24 October 2009

Keep Designer Data in Files (not Databases)

Whoa! Did I just fall off the deep end?! Designer Data in ... files?! Data... doesn't that belong in a database?! There are those who say that it does, but I disagree, at least when talking about development.

In MMO terms, Designer Data is data that our Design team creates: Quests, Spells, NPCs, Paths, Items, Recipes, Locations, etc. Tons and tons of data that, together with art, is really the lifeblood of the game.

Designer Data is to Designers as Source Code is to Programmers. It's constantly changing and growing. Different people own different parts of it. Everyone on the dev team needs all of it and as up-to-date as possible to do their current tasks. Servers need it in a highly-optimized form to run the game. There are many parallels between Designer Data and Source Code.

Which brings me to my first major point. As files, Designer Data can be stored in Source Control (we use Perforce, and I love it). This gives an amazing amount of incredibly important functionality and basically for free:
  • Revision history - As text (EQII uses XML) files, anyone on the team can go back and see (through the same tool that everyone must use) all previous changes to a file. Anyone can see exactly what changed between each version or between multiple versions and who made the changes. Also, you can go back in time and grab previous file revisions.
  • Changelists - Most source control systems group together file changes. Perforce calls these Changelists. Grouping files together is an effective tool for seeing relative changes based on concept. One changelist might be labeled "Zone 1 population" and contain NPCs, Quests that those NPCs give out, Paths that those NPCs follow, etc.

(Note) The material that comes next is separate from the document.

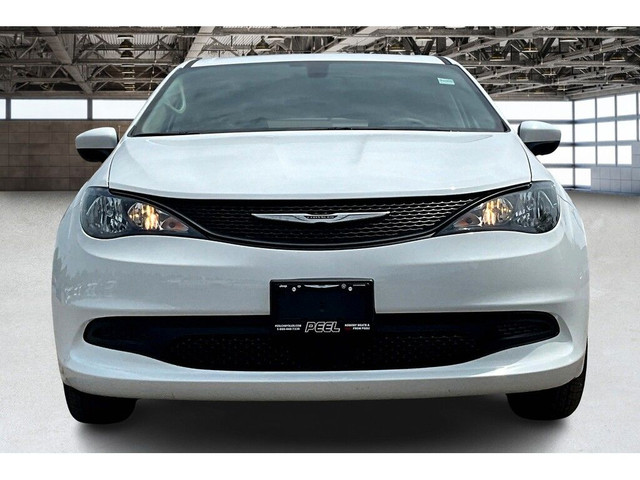 2022 Chrysler Grand Caravan SXT | Stow n Go | Heated Seats | Pow in Cars & Trucks in Mississauga / Peel Region - Image 3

If a Changelist breaks the game, it can be rolled back wholesale (and you can see who made it and go pound them).
  • Integration - Changes are made in branches and we have branches for each distribution of the game. As a group of changes become ready to go Live, they are integrated into the next distribution (Main goes to QA, QA goes to Staged, Staged goes to Live). With Code and Data both in the same system, integration to the next distribution becomes a one-step process.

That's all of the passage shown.